Only two months later Wood got a phone call from his Dad asking him what he should do with all those books in the garage. “Which books?” Wood asked. “The books that all your friends and colleagues sent to our house for that school in Nepal. There is a couple of thousand of books here by now. We should do something with them”.
A year after his last visit, John and his father, accompanied by a train of eight book-bearing donkeys, returned to the village in Nepal delivering 3000 books. Seeing the faces of the children with the books convinced John to leave the corporate world and devote himself to helping these poor and forgotten children in their educational needs.


In late 1999, John quit his executive position with Microsoft and started the charity Room to Read. Beginning in Nepal, John and his Nepali Co-Founder, Dinesh Shrestha, started by working with rural communities to build schools (School Room) and establish libraries (Reading Room).

Initially John struggled with his new life, away from the money and glamour of a corporate executive position, but slowly the Room to Read movement gained momentum.
Only a year after its foundation Room to Read celebrated its first major programmatic milestone by opening their 1,000th library in Siem Reap, Cambodia.


The publication of John’s impressive book, Leaving Microsoft to Change the World in 2006 became an important vehicle for sharing the Room to Read story.
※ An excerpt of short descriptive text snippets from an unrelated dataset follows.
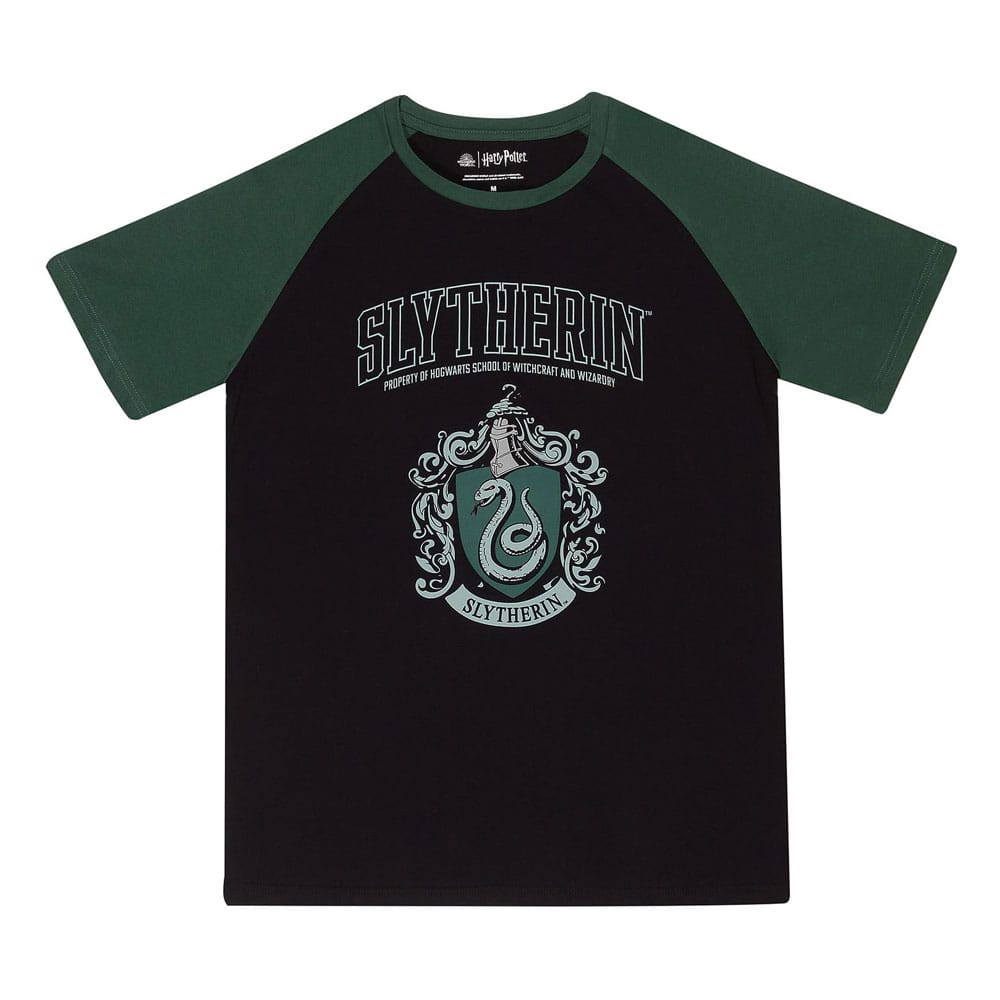 Tricou Harry Potter Slytherin - MangaShop.ro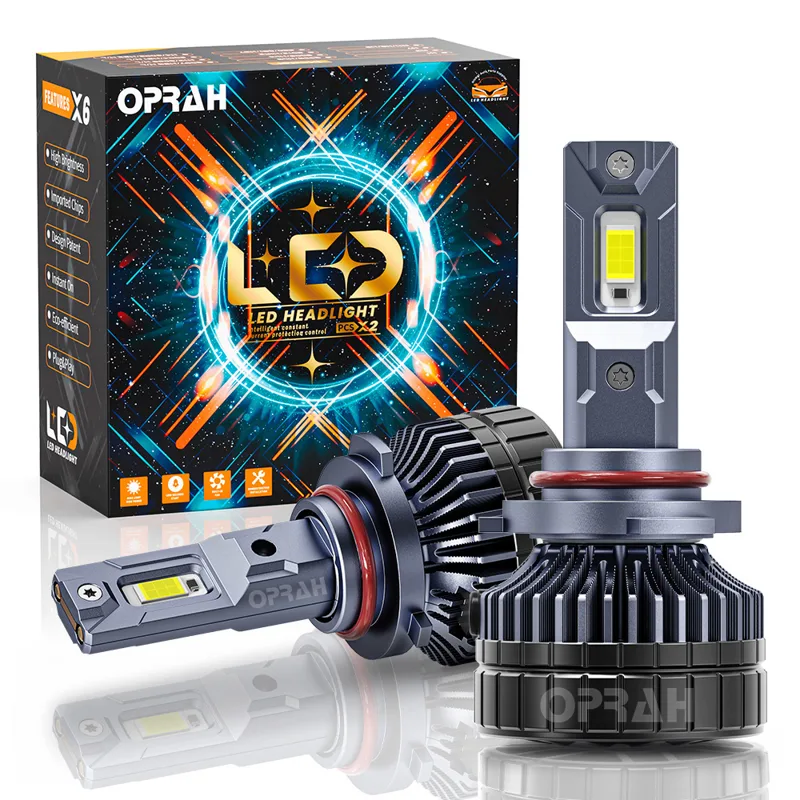 Oprah 2 pièces 170W ampoule de - Car Accessories Light avis et prix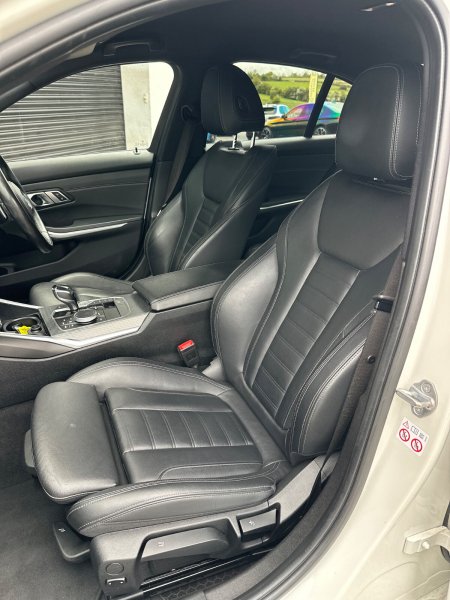 2019 BMW 3-Series - photo 24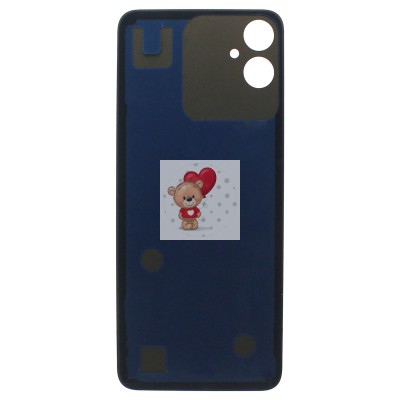 Задняя крышка для Samsung A05 A055F Черный Задняя крышка для Samsung A05 A055F Черный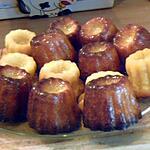 recette CANNELES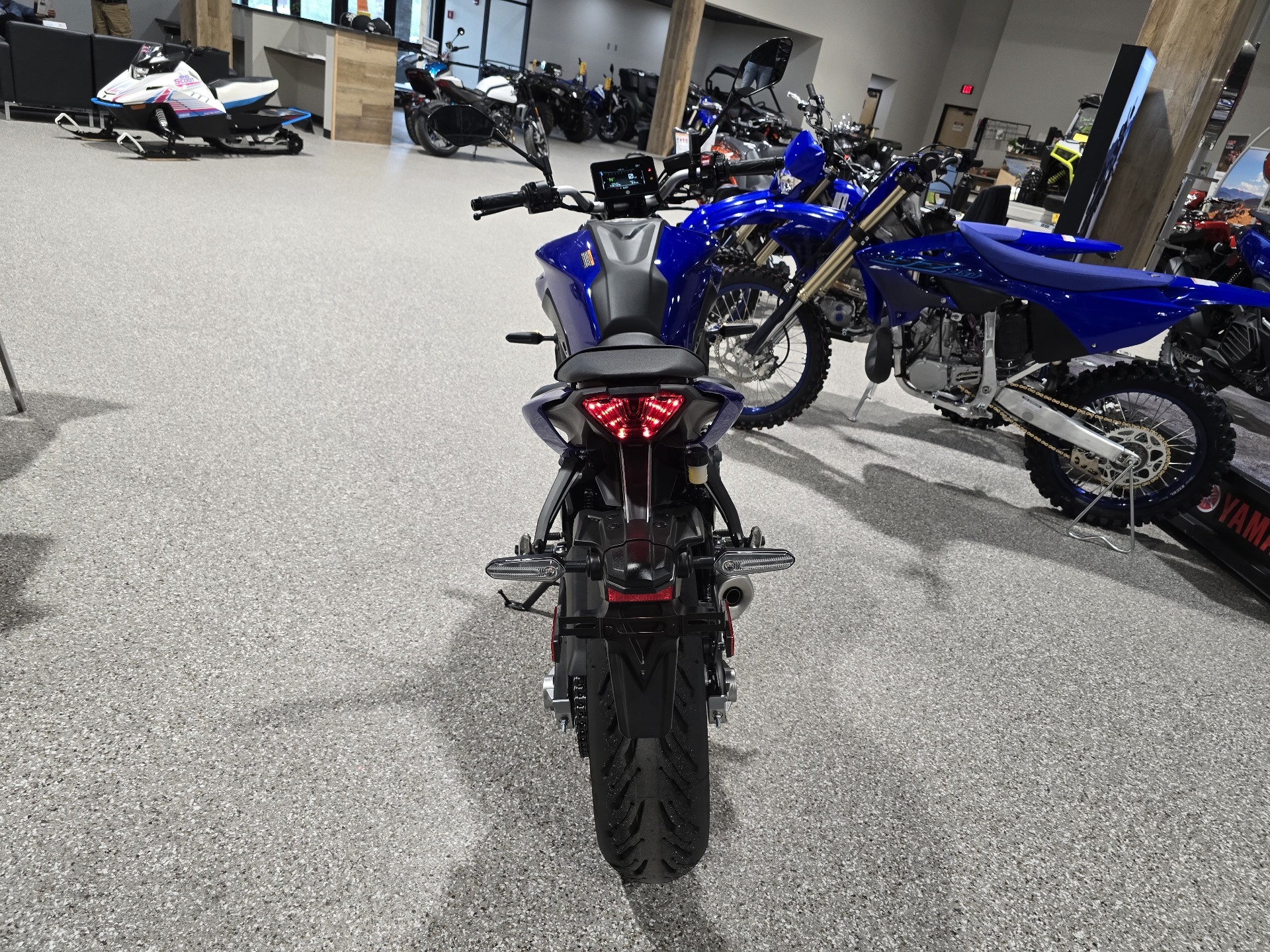 2024 Yamaha MT-07 in Gorham, New Hampshire - Photo 9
It’s a great mix of adventure and travel that accompany Wood’s charity efforts. The book received extensive media coverage and is now available in 18 languages throughout the world. An appearance on the Oprah Winfrey Show further raised Room to Read’s profile. Ever since Room To Read has been one of the fastest growing non-profit organisations in the world and have created a network of over 7,500 libraries and 830 schools throughout rural and poor communities in Asia and Africa.


One of the amazing things about Room to Read is that John Wood managed to apply his successful Mircosoft business practices into the world of non-profits: clear and transparent reporting, goal driven and maximum cost saving. With an overhead of only 17% Room to Read is the most efficient operating non-profit in a world where a 35% ratio for charities is normally considered excellent practise.

John has been recognized in the worldwide media as a “21st century Andrew Carnegie,” building a public library infrastructure to help the developing world break the cycle of poverty through the lifelong gift of education.

Kickass guy that John Wood. The world should be glad he went hiking in Nepal!